Central African Republic: former president François Bozizé sentenced to forced labor for life

Central African Republic: former president François Bozizé sentenced to forced labor for life

In the Central African Republic, 23 people including the country’s former president, François Bozizé, and several important rebel leaders are sentenced to forced labor for life, for the armed offensive carried out at the time of the December 2020 presidential election.

Former Central African President François Bozizé, now leader in exile of the main rebel coalition, was sentenced Thursday to forced labor for life in Bangui, notably for “conspiracy” And “rebellion», According to a judgment sent to AFP on Friday by the Ministry of Justice. Mr. Bozizé, who seized power in 2003 in a coup before being overthrown 10 years later by rebels, was sentenced to this sentence in absentia like two of his sons and twenty other co- accused, including important rebel leaders.

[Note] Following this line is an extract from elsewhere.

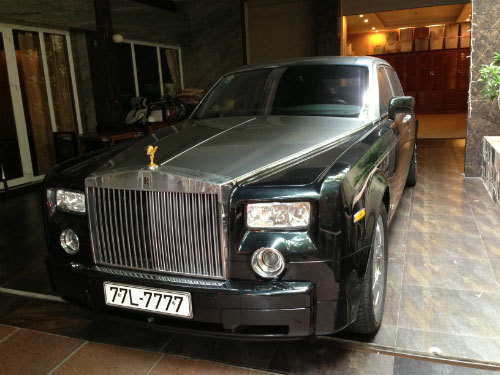 Biển số độc nhất vô nhị này của chiếc Rolls-Royce Phantom làm dư luận xôn xao một thời gian. Ảnh: FB Biển số độc nhất vô nhị này của chiếc Rolls-Royce Phantom làm dư luận xôn xao một thời gian. Ảnh: FB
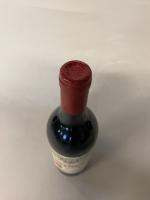 Une BOUTEILLE de PETRUS pomerol 1986.
(Étiquette très légèrement abimée)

They were all also sentenced for “attack on the internal security of the State” And “assassinations», according to the judgment read by Joachim Pessire, First President of the Court of Appeal of Bangui which judges at first instance for criminal cases. The judgment does not specify the crimes or the period concerned. Mr. Bozizé, 76, a refugee in Chad until March 2023, when he went into exile in Guinea-Bissau, is the coordinator of the Coalition of Patriots for Change (CPC), the main Central African rebel coalition formed in December 2020 and who is pursuing a guerrilla war in the north of the country.

Ali Darassa, fugitive military leader of the Unit for Peace in the Central African Republic (UPC), the main component of the CPC, is among those sentenced. Civil war has been tearing apart the Central African Republic, one of the poorest countries in the world, since 2013 when a coalition of armed groups dominated by Muslims, the Séléka, overthrew Mr. Bozizé, who then organized and armed so-called anti-balaka militias. , mainly Christians and animists, to try to regain power. The conflict, extremely deadly in the first years, has considerably decreased in intensity since 2018.